IDEJEN graduate finds success as construction manager
Go find Jenna.
Jenna is the best mason.
Jenna was a 20-year-old woman. How could she possibly be the best mason in town? The American expatriate charged with finding a top mason expected to find an older man, perhaps one whose body showed clear signs of years of hard labor. After all, the mason would be overseeing the masons working on construction of a large wall to enclose a two-acre compound for Samaritan’s Purse, an international relief organization that would be based in Grand Goave, Haiti, a small town next to earthquake-ravaged Léogane. Unconvinced that this shy, soft-spoken young woman with beautiful braids and clear skin could take on such a task, he went back to continue the search, asking even more people throughout Grand Goave to name the best mason in town.
“Consistently, everyone said Jenna,” said Betsy Hall, Deputy Country Director of Samaritan’s Purse.
Still skeptical, the American hired Ladieuna Septembre, who goes by Jenna, on a temporary basis, giving her one month to prove herself. She has now been working for Samaritan’s Purse for five months. She has overseen the masonry portion of the construction of not only the compound wall, but also a commercial kitchen, two bathrooms, and other projects, far exceeding the expectations of the man who hired her. “We are keeping her because she can oversee any national workers that we have,” said Hall. “She is a great, great boss.”
Only a couple of years before, Jenna was a far cry from being anyone’s boss. Forced to drop out of school after only two years of primary education due to lack of funds to cover school fees, she lacked the skills needed to earn a viable income.
In 2007, a friend recommended that she join the Haitian Out-of-School Youth Livelihood Initiative (IDEJEN), a USAID-funded project implemented by Education Development Center, and her life began to change. “I wasn’t doing anything [before IDEJEN],” she said. “[With IDEJEN] I learned a lot of things: reading, writing, and a trade. I changed my behavior. I became a harder worker.”

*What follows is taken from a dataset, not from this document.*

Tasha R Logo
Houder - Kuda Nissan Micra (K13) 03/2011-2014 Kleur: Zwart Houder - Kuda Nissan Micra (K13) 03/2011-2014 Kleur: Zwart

With a supervisor’s salary, Jenna’s life and the lives of her family members have changed dramatically. In addition to supporting her single mother, who has no income, and her two brothers, Jenna will be able to pay for herself and her brothers to return to school, and she can now envisage a bright future for herself and her family. “Thanks to the masonry that I learned in the training center, I am earning a living,” she said. “I think I will go far—the more experience I have, the more responsibility I will be given.”
At the heaviest period of construction for Samaritan’s Purse, Jenna has overseen 65 workers (including five other IDEJEN youth graduates), tracking their hours and payroll and ensuring that they complete their tasks on time. Following the completion of the primary construction, Samaritan’s Purse found ways to keep Jenna employed, asking her to manage workers for other projects on the compound, such as construction of walkways or drainage ditches. According to Hall, Jenna is able to manage local staff very successfully, and her supervisor relies on her a great deal. “She is very shy, yet people listen to her. She is very clear with directions, and she motivates her staff and sets timelines,” Hall said.
Jenna had developed a strong reputation as a mason while helping to construct a school for girls in Grand Goave, but she never imagined that she would become a construction manager. “I didn’t think I was capable of becoming a big boss,” she said. “It’s thanks to IDEJEN and the trainer [who had instructed Jenna and was one of the people who recommended her for the position]. Without the skills I learned through IDEJEN, I wouldn’t have been able to manage the work site.”
After learning that Jenna was an out-of-school youth who had participated in the IDEJEN program, Hall said that she has faith in IDEJEN youth and would hire them for future projects. Of Jenna, Hall said she is qualified enough to hold a senior management position. “She’s very well-qualified for what she does,” Hall said. “If we do a permanent reconstruction program involving masonry, we would strongly consider Jenna for a senior management position.
“We are very, very, very grateful for Jenna. This is a compound. It was a fallen down hotel when we got it. And now, we have cleared that, and it is a base, housing 50 expatriates. Jenna was a key essential part to making that happen in the timeframe that it has. She’s phenomenal.”
Jenna said that she congratulates and celebrates IDEJEN. “When the youth in my community see what I have accomplished, they ask when the IDEJEN program will come back to the community so that they can become like me.”